Comment traiter ces visions contradictoires sans basculer dans une lecture univoque ? Révéler leurs facettes en miroir ? Dessinant dans les corps des zones de trouble, de violence, des lignes d'utopie, Mélanie Demers déconstruit progressivement les mécanismes qui forment cette opposition, pour chercher la part de réversibilité contenue dans chaque situation.
Ce sont cinq danseurs, cinq microcosmes en friction qui parcourent un monde instable, balançant entre rêve et cauchemar. Un univers familier et inquiétant, gagné par l'irréalité, où les corps se rencontrent, s'affectent, se déchirent, traversés par des états de tension extrême, de légèreté, de folie. Sur scène, toute position est soumise au glissement : les images se télescopent, se recouvrent par dépôts successifs, comme des lignes brisées faisant peu à peu dérailler la mécanique des corps.
Au gré des alliances, des ruptures, des confrontations, «dépotoir » et « paradis » s'emboîtent comme deux faces d'une même aporie – métaphores qui nous renvoient du dehors un reflet déformé.

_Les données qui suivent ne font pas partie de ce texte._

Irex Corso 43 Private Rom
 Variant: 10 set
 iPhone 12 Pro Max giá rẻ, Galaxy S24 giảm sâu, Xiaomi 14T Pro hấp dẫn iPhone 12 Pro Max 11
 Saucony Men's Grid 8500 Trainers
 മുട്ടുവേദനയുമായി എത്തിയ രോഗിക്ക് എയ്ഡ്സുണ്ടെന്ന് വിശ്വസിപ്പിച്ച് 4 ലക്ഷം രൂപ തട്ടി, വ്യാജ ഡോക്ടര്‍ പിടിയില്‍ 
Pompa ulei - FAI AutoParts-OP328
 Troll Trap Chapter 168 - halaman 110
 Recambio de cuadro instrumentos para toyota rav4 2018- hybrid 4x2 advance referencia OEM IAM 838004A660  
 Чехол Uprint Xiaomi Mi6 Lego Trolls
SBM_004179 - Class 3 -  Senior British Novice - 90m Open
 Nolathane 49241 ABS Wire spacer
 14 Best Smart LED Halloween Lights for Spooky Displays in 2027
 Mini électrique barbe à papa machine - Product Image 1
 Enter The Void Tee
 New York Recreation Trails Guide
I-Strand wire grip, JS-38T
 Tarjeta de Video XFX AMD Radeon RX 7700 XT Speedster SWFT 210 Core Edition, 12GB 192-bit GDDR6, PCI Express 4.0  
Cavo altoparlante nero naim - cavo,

Les passions, les peurs, les impulsions destructrices qui agitent chaque individu entrent en résonance avec des questions plus vastes, l'injustice, les rapports entre nord et sud, pauvreté et opulence.
À l'origine, le mot paradis signifie « jardin clôturé ». Au long de leurs variations, les danseurs nous entraînent dans leur tentative de percer des brèches, d'ouvrir ce paradis obstrué.